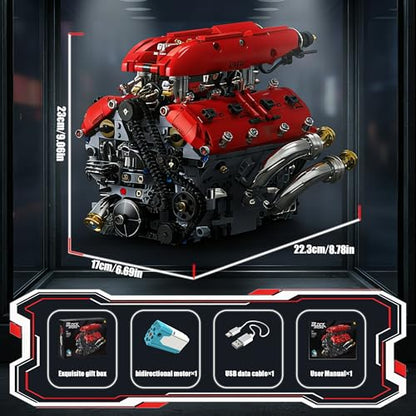 V8 Engine Model Kit that Runs, 1370 Pcs Desk Display Gift for Teens 14+ - style: 1-V8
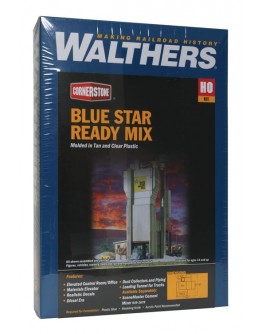 WALTHERS CORNERSTONE HO BUILDING KIT  9333086 Blue Star Ready Mix Plant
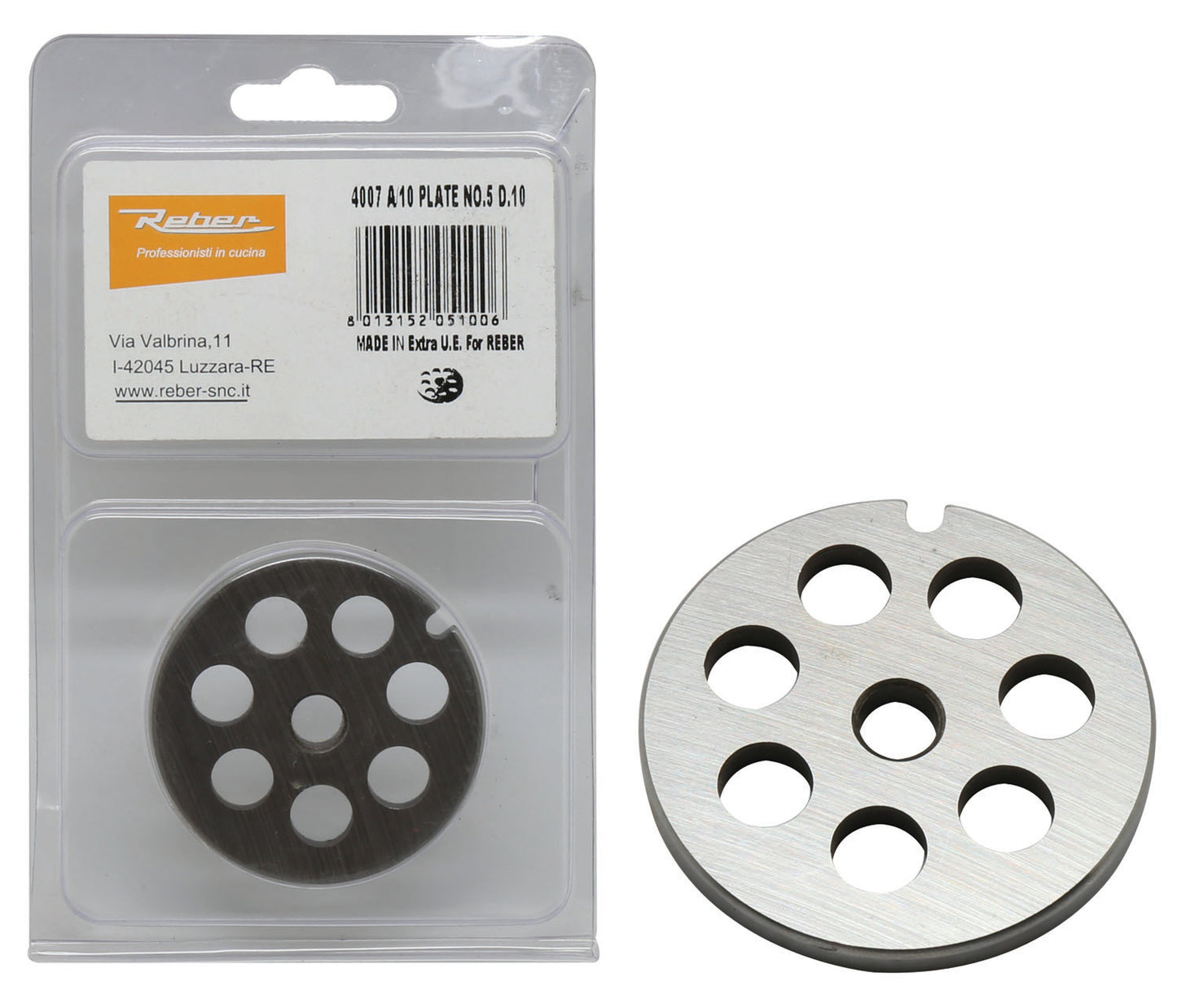 Piastre per tritacarne – N. 5 Fori 10 mm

▶ [Assignment]
Because the copy must hold no pictures, return only the lines that run from the line containing "WALTHERS CORNERSTONE HO" to the end of the data above, each exactly as it stands.

▶ [Exercise answer]
 WALTHERS CORNERSTONE HO BUILDING KIT  9333086 Blue Star Ready Mix Plant
 Piastre per tritacarne – N. 5 Fori 10 mm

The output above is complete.